His father Nisier Meru was the first Christian convert from Khonoma. Kevichüsa was educated at Baptist Mission School.

== Political career ==

=== Naga National Council ===
The Naga National Council (NNC) had 29 officially elected members representing their respective tribal councils at its inception. These were elected from various clans or village councils. Kevichüsa was amongst its earliest members. Along with many representatives from the Angami and Zeme tribes, Kevichüsa then endorsed complete independence for the Nagas once the British left. In the NNC meeting held at Wokha in June 1946, he insisted,Self-government should mean a government of the Nagas, for the Nagas, by the Nagas. Nothing else means anything to the Nagas. We have to be masters of our own country and be free.After the 1951 plebiscite, Kevichüsa and some of the early leaders of NNC took a step back from their early articulations of self-determination as the movement evolved into a mass movement amidst intensified state repression. Kevichüsa soon resigned from the NNC. John Thomas places these actions amongst certain sections of the 'educated' Naga elites as typical response of national bourgeoise elsewhere.

In the 1969 Nagaland Legislative Assembly election, Kevichüsa stood as the United Front's candidate from Dimapur Town and Dimapur Outer constituencies. He lost in both seats. While Kevichüsa polled 706 votes in the Dimapur Outer constituency, the Naga Nationalist Organisation candidate secured 3186 votes.
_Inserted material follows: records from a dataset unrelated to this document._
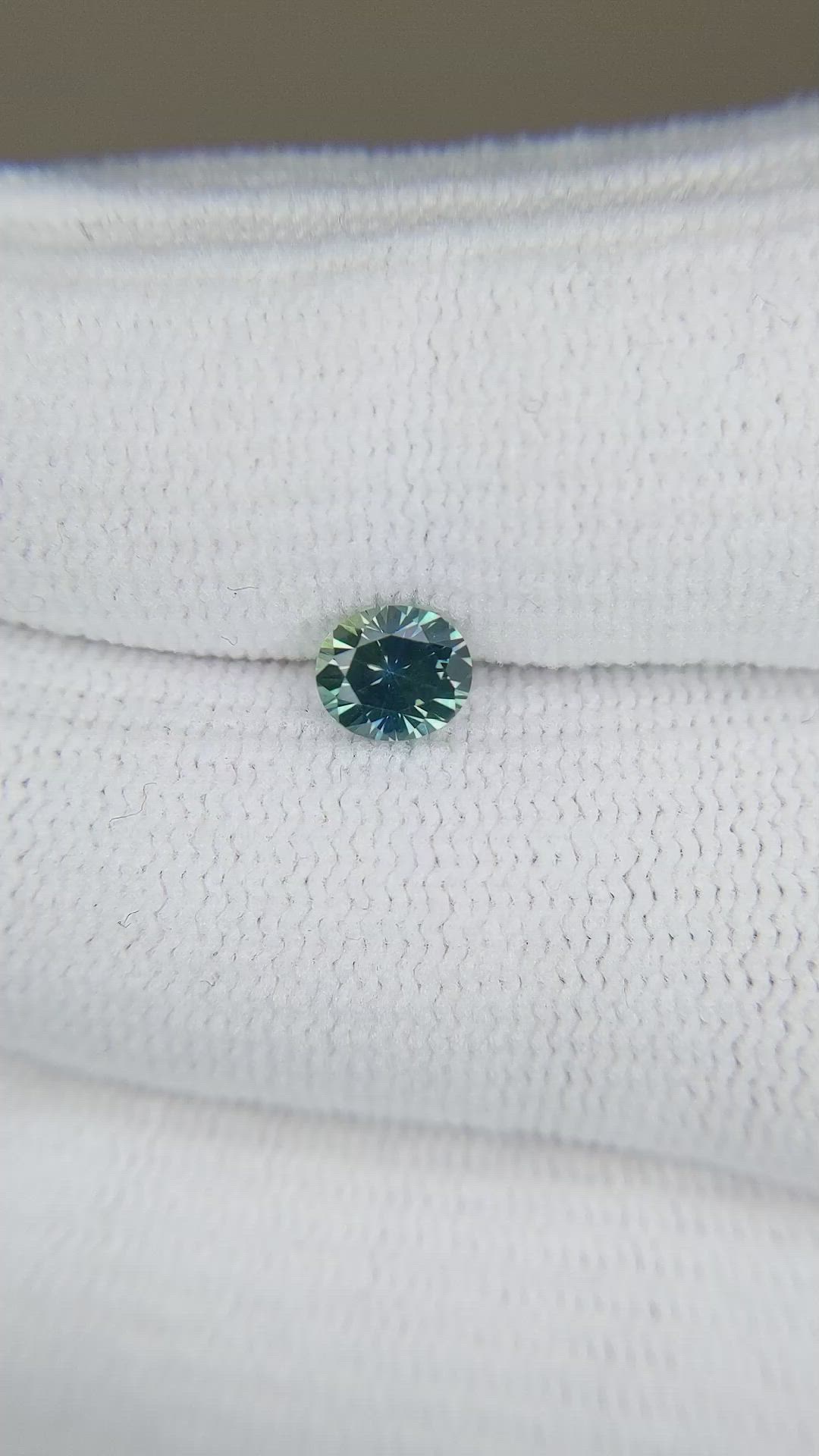 0.77 Ct. Bluish Green Sapphire from Montana Size Video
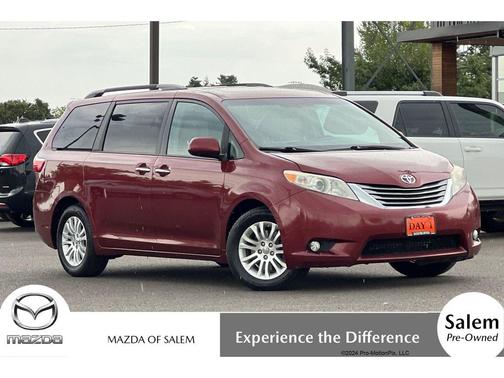2017 Toyota Sienna XLE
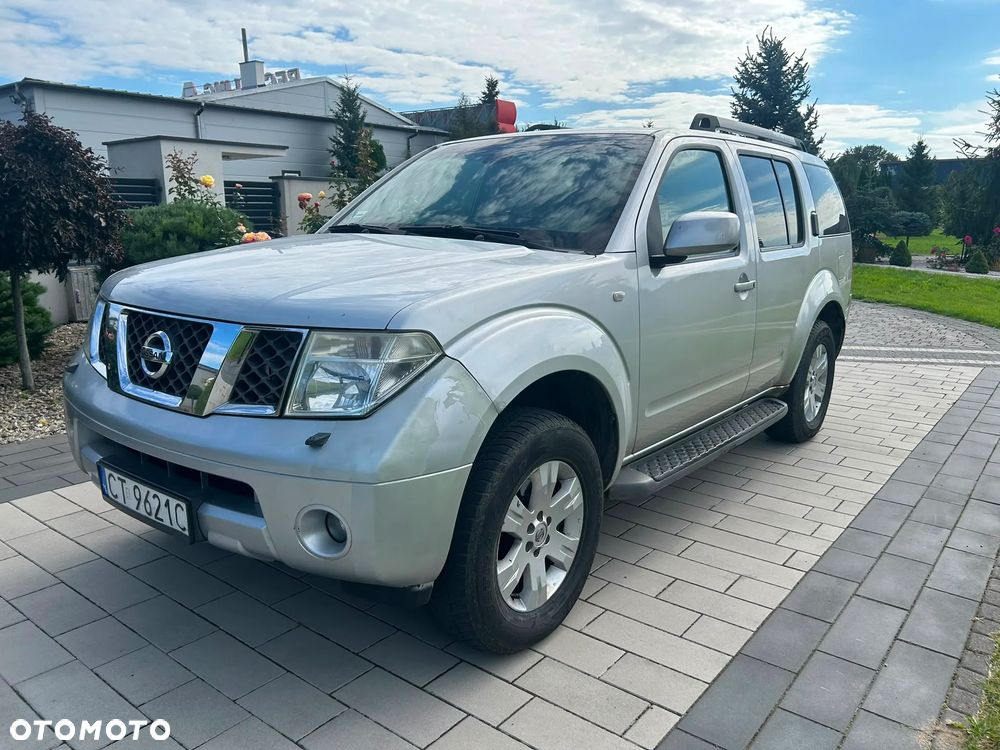 Nissan Pathfinder 2005 photo 2
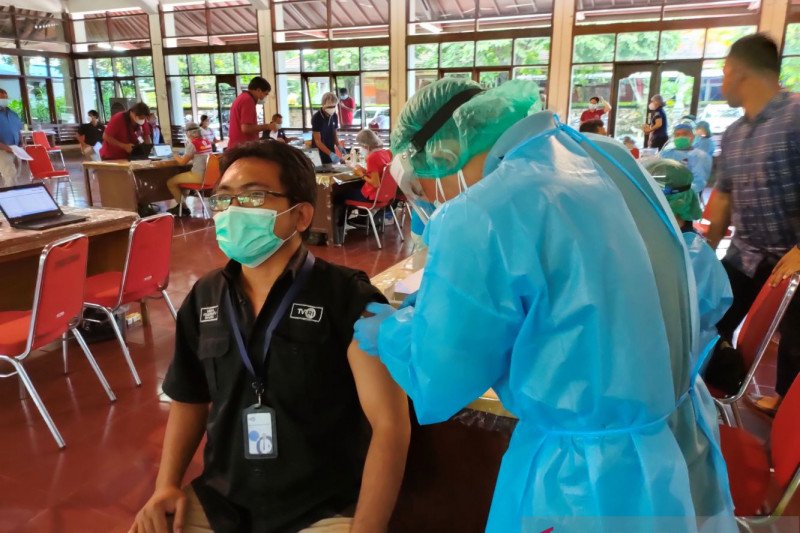 Difasilitasi pemerintah, awak media di Bali jalani vaksinasi COVID-19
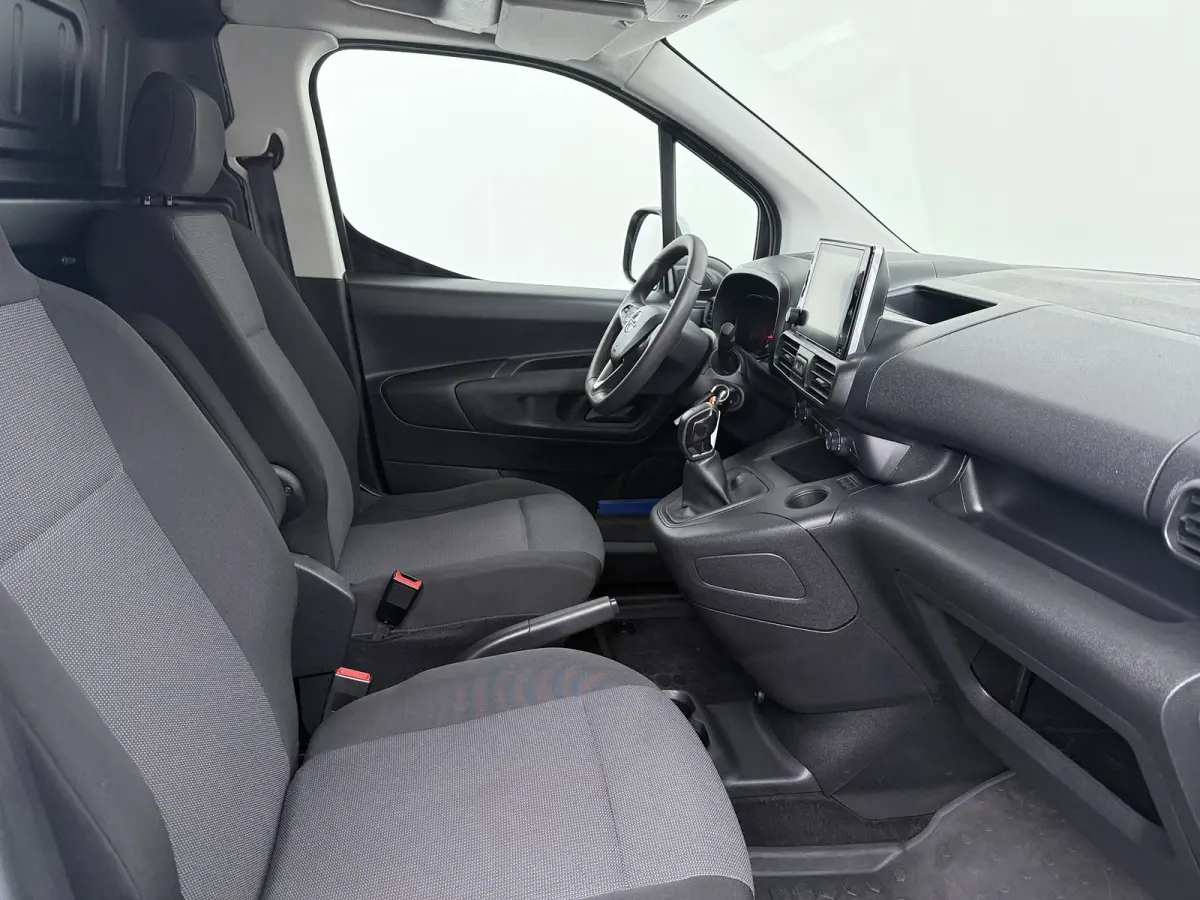 1.5D L1H1 Edition 100 pk | Airco | Apple Carplay/Android Auto|telefoonintegratie premium | Carplus Vloerplaat Combo L1 (L1 Betonplex antislip grijs 9mm)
=== Member of Parliament ===
In 1971, as a candidate of the United Front of Nagaland, Kevichüsa stood against S. C. Jamir in the Lok Sabha elections. Jamir, then, was the Deputy Minister of Agriculture in the Indira Gandhi government. During the election campaign, Kevichüsa attacked the Naga Nationalist Organisation for its failure to implement the "16 Point Agreement" with the approval of the Indian government. He promised to work towards the negotiation of a new political settlement. Kevichüsa registered an overwhelming victory with 102,596 votes (63.3%) defeating Jamir.

==Personal life==
Kevichüsa married Germanthangi on 15 October 1931. Together the couple had six daughters and five sons.

==Legacy==
In 2017, his family-run foundation–The Kevichüsa Foundation–instituted the A. Kevichüsa Citizenship Award to recognise an individual or group from the indigenous community who have 'championed, demonstrated, and embodied' the ideal of citizenship.